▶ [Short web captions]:
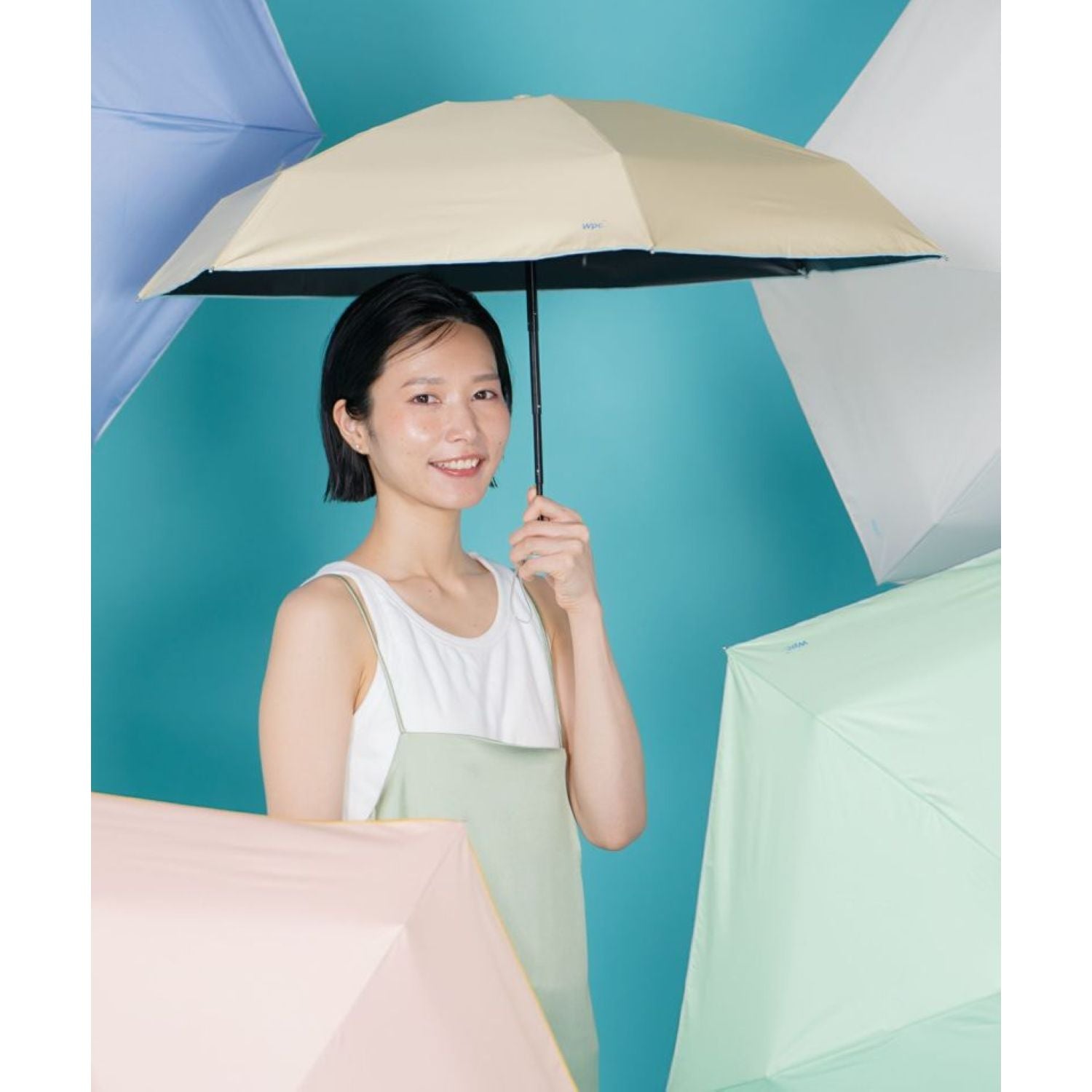 WPC Baby Coron UV Protection Umbrella 48cm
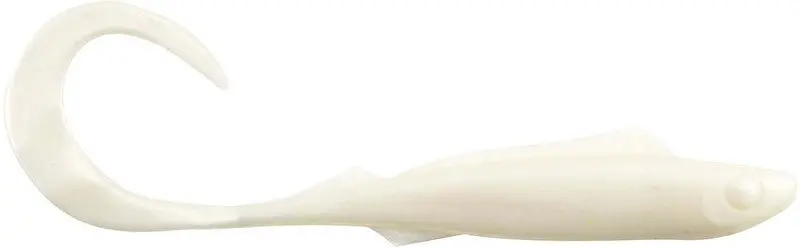 Berkley Gulp! Nemesis Soft Bait – 6.5", Pearl White (5-Pack) 1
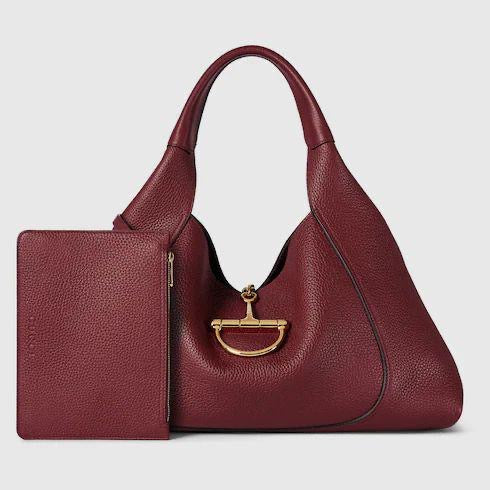 GUCCI Softbit Maxi Shoulder Bag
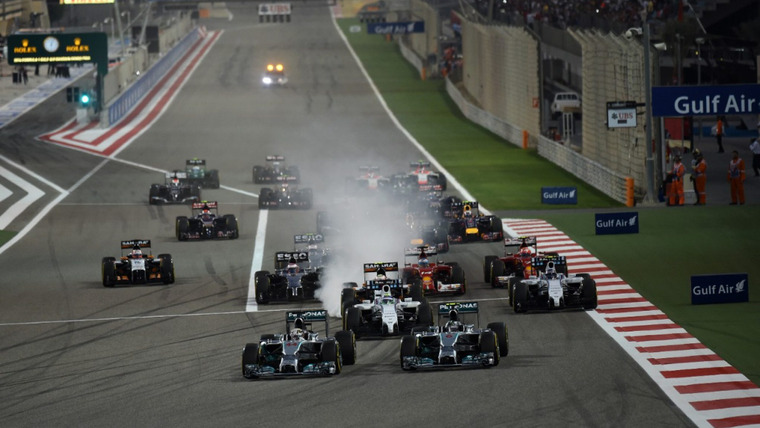 Формула-1 — s04e02 — Bahrain Grand Prix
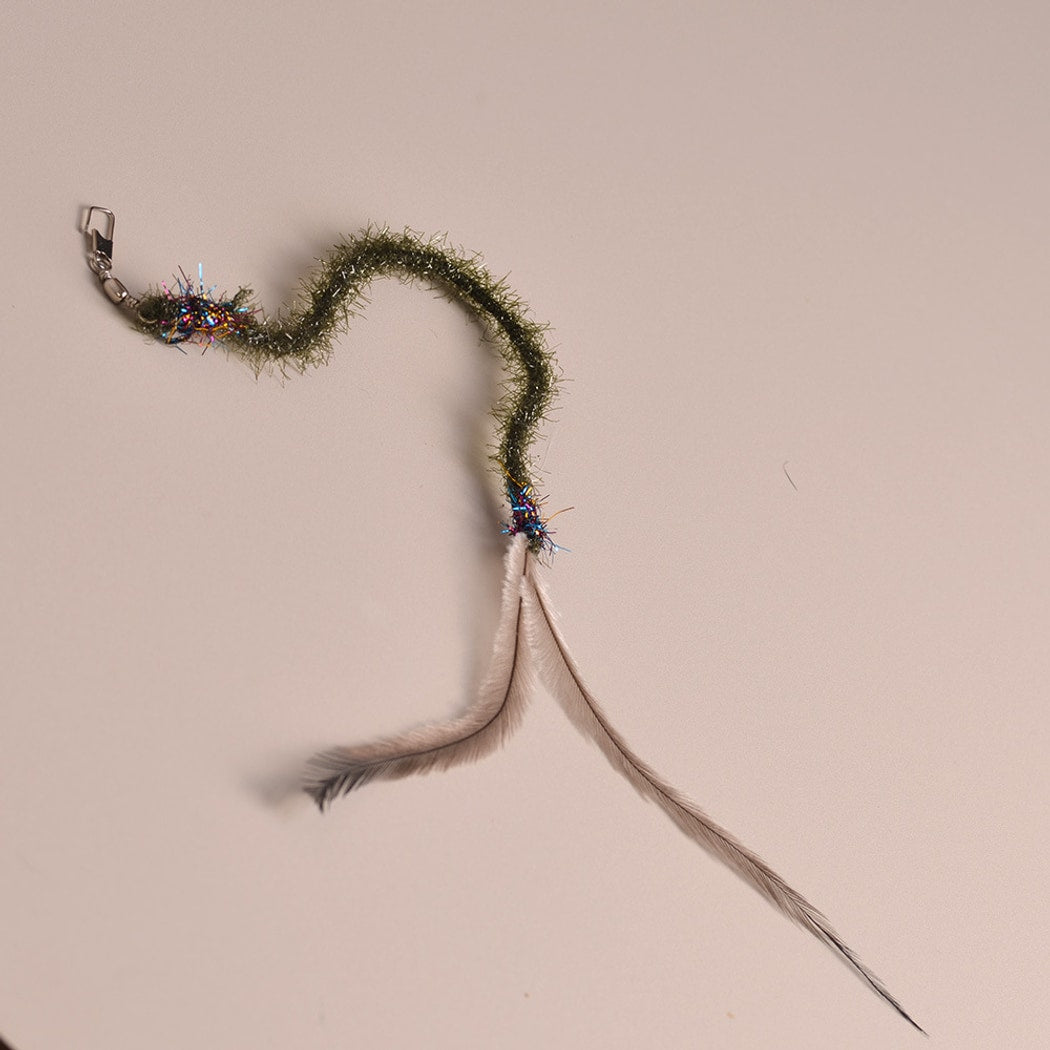 Moo - Fuzzy Feather Cat Wand Replacement Attachment
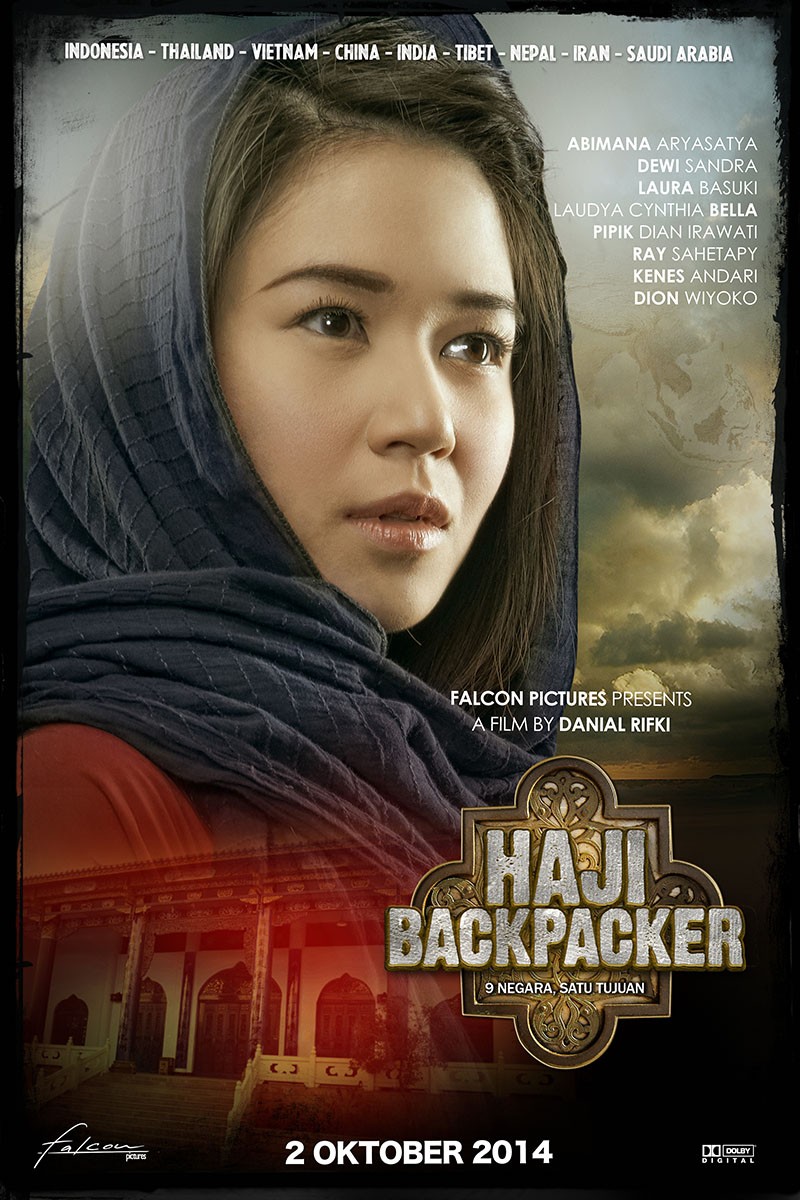 Extra Large Movie Poster Image for Haji Backpacker (#4 of 7)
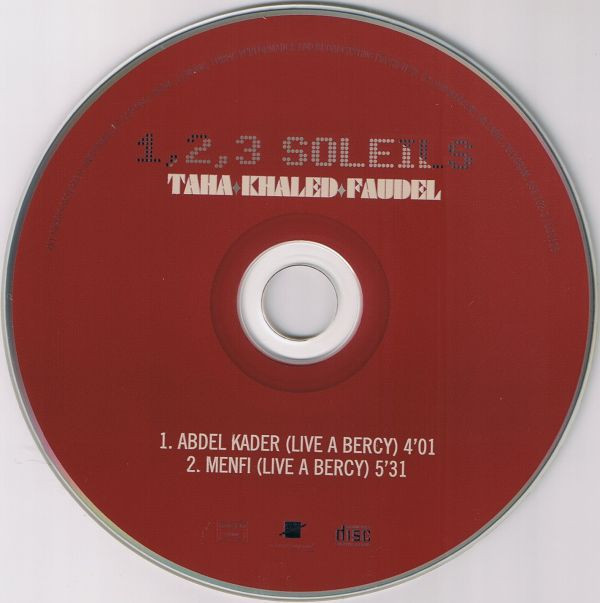 last ned album Taha + Khaled + Faudel - Abdel Kader
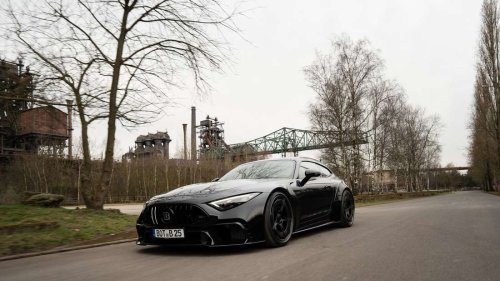 Wie Brabus den Mercedes SL wieder zum Traumwagen macht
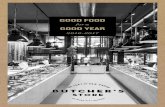 GOOD FOOD - Butcher’s Store Antwerpen€¦ · deze oude industriële site, de klik was er en de Butcher’s Store Antwerpen was geboren, een verlengde van de original store De laet&van
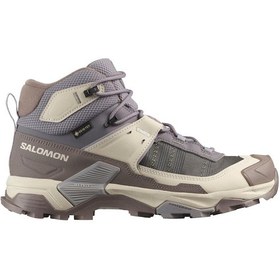Resim Salomon X Ultra 5 Mıd Gore-tex Kadın Bot L47854900 Çok Renkli 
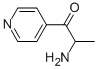 2-Amino-1-pyridin-4-yl-propan-1-one 结构式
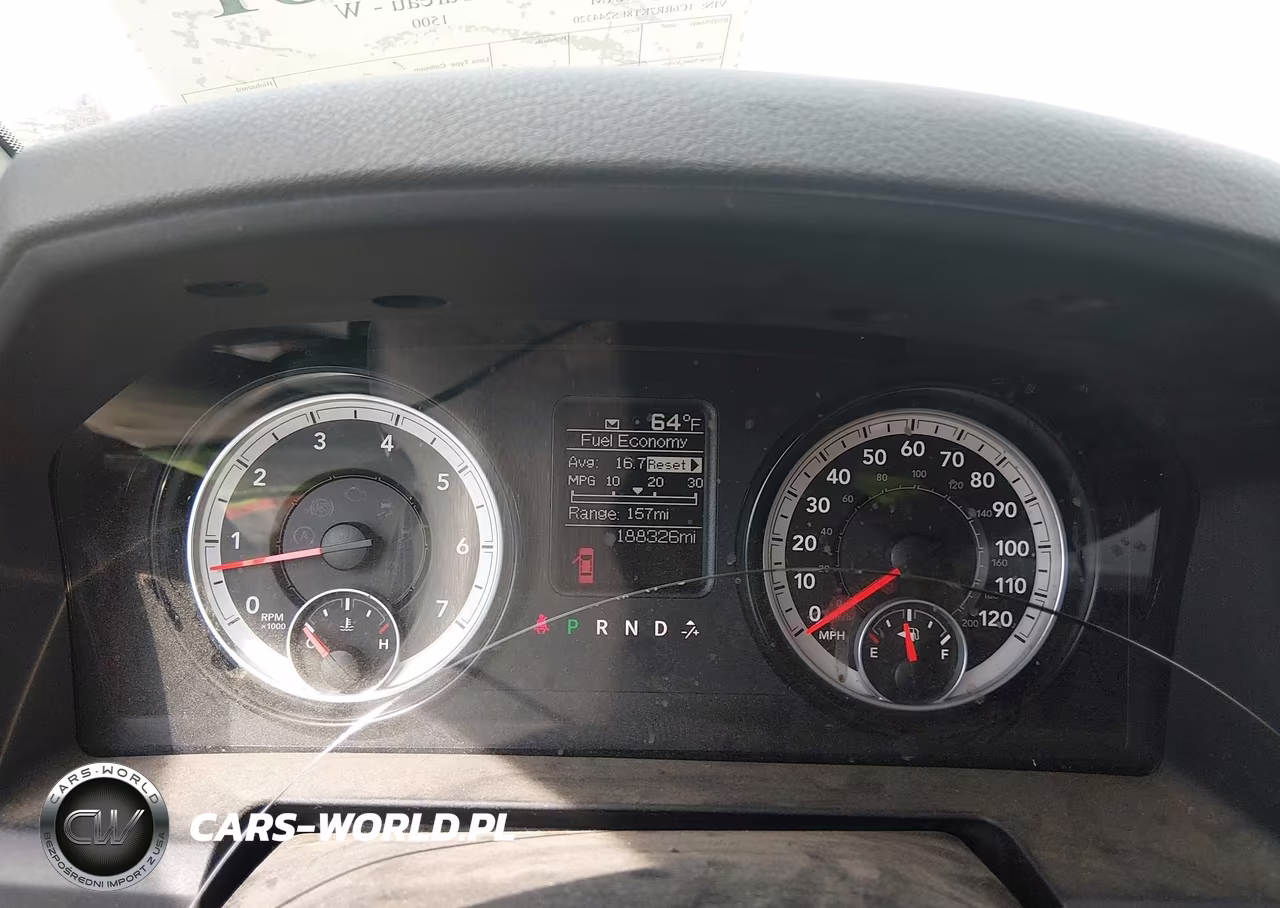 2014 Ram 1500 Express VIN:1C6RR7KT8ES244320 - 7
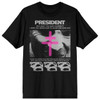 President 'Conclave' (Black) T-Shirt
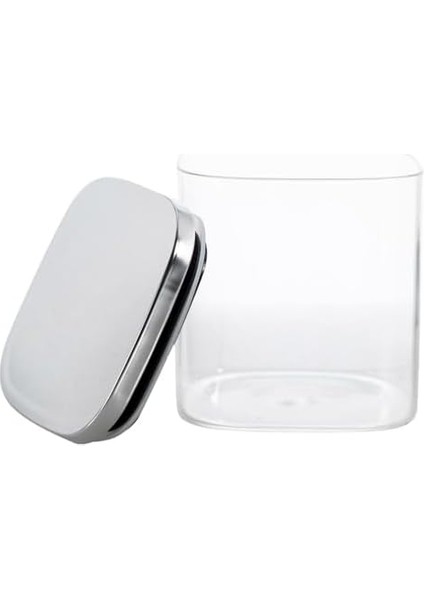 450ML Sızdırmaz Vakumlu Metal Kapaklı Borosilikat Cam Kavanoz – Hava Geçirmez & Dayanıklı Gıda Saklama Kabı (10CM x 10CM) fiyatları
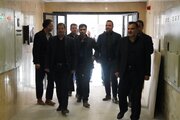 جلسه وبازدید پروژه نهضت ملی کاشان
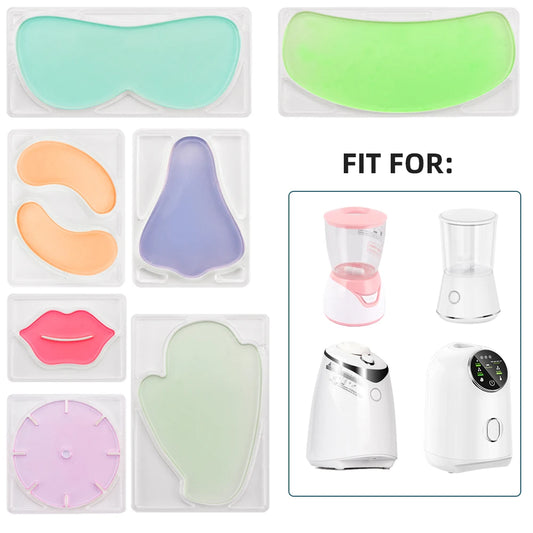 DIY Mask Maker Tools For Vegetable Fruits Mask Maker Skin Rejuvenation Moisturizing Eye Nose Lips Neck Hand Breast Mask Molds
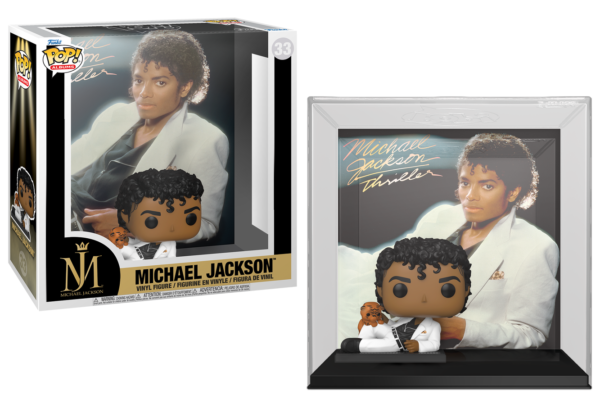 Funko Pop! Rocks - Michael Jackson - POP Albums Nr 33 - Thriller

▶ [DIRECTIONS]: Output all of the data exactly as it stands, minus any images.

▶ [WRITTEN ANSWER]:
 WPC Baby Coron UV Protection Umbrella 48cm
 Berkley Gulp! Nemesis Soft Bait – 6.5", Pearl White (5-Pack) 1
 GUCCI Softbit Maxi Shoulder Bag
 Формула-1 — s04e02 — Bahrain Grand Prix
 Moo - Fuzzy Feather Cat Wand Replacement Attachment
 Extra Large Movie Poster Image for Haji Backpacker (#4 of 7)
 last ned album Taha + Khaled + Faudel - Abdel Kader
 Wie Brabus den Mercedes SL wieder zum Traumwagen macht
 GOOD FOOD - Butcher’s Store Antwerpen€¦ · deze oude industriële site, de klik was er en de Butcher’s Store Antwerpen was geboren, een verlengde van de original store De laet&van
Resim Salomon X Ultra 5 Mıd Gore-tex Kadın Bot L47854900 Çok Renkli 
 2-Amino-1-pyridin-4-yl-propan-1-one 结构式
 2014 Ram 1500 Express VIN:1C6RR7KT8ES244320 - 7
 President 'Conclave' (Black) T-Shirt
 450ML Sızdırmaz Vakumlu Metal Kapaklı Borosilikat Cam Kavanoz – Hava Geçirmez & Dayanıklı Gıda Saklama Kabı (10CM x 10CM) fiyatları
 جلسه وبازدید پروژه نهضت ملی کاشان
 DIY Mask Maker Tools For Vegetable Fruits Mask Maker Skin Rejuvenation Moisturizing Eye Nose Lips Neck Hand Breast Mask Molds
 Funko Pop! Rocks - Michael Jackson - POP Albums Nr 33 - Thriller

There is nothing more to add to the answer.